In an effort to increase international cooperation in this critical area and define a path forward, IEA teamed with the International Organization for Standardization (ISO) and the International Electrotechnical Commission (IEC) to host a workshop to advance the development of international standards for energy efficiency and reduced carbon emissions. Held March 16-17, 2009, in Paris, the workshop brought together nearly 300 experts from the public and private sectors.
"Today's trends in world energy demand give the sense of urgency. We need to act now with available solutions, which need to be applied and International Standards are part of the solution," explained Rob Steele, ISO Secretary-General.
The workshop provided an opportunity for interested stakeholders to exchange relevant information and develop an overview of next steps to advance standards for energy efficiency. Presentations and discussion panels addressed requirements and challenges of energy efficiency standardization work in a variety of fields, including industrial systems, power generation, buildings, and electrical and electronic appliances.

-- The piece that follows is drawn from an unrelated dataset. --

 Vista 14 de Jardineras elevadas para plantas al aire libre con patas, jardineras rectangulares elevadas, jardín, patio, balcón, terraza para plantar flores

Several recommendations came out of the workshop:
Highlight and promote the complementary relationship between public policies and technical standards, communicating clearly that standards provide technical solutions
Encourage participation by all stakeholders with relevant interests in promoting energy efficiency and reducing carbon emissions (particularly representatives of public authorities and consumers) from the earliest stages in the standards development process
Improve coordination and optimize involvement of experts in ongoing standardization work at the sectoral, national, regional, and international levels, ensuring exchange of information and promoting the use of already existing standards
Adjust standardization processes and deliverables to be more adaptive in addressing fast-moving technologies and evolving usage contexts of products and services
Commenting on the event, IEC General Secretary & CEO Aharon Amit said, "We need to be able to generate, transmit, and distribute more electricity with reduced impact. And we need to use electricity more intelligently. While the IEC continues to issue the standards for existing technologies, including energy efficiency for industrial and domestic uses, it is also working on new areas including ultra high voltage transmission and integrated smart grids, while continuing to maximize the potential from renewable energies."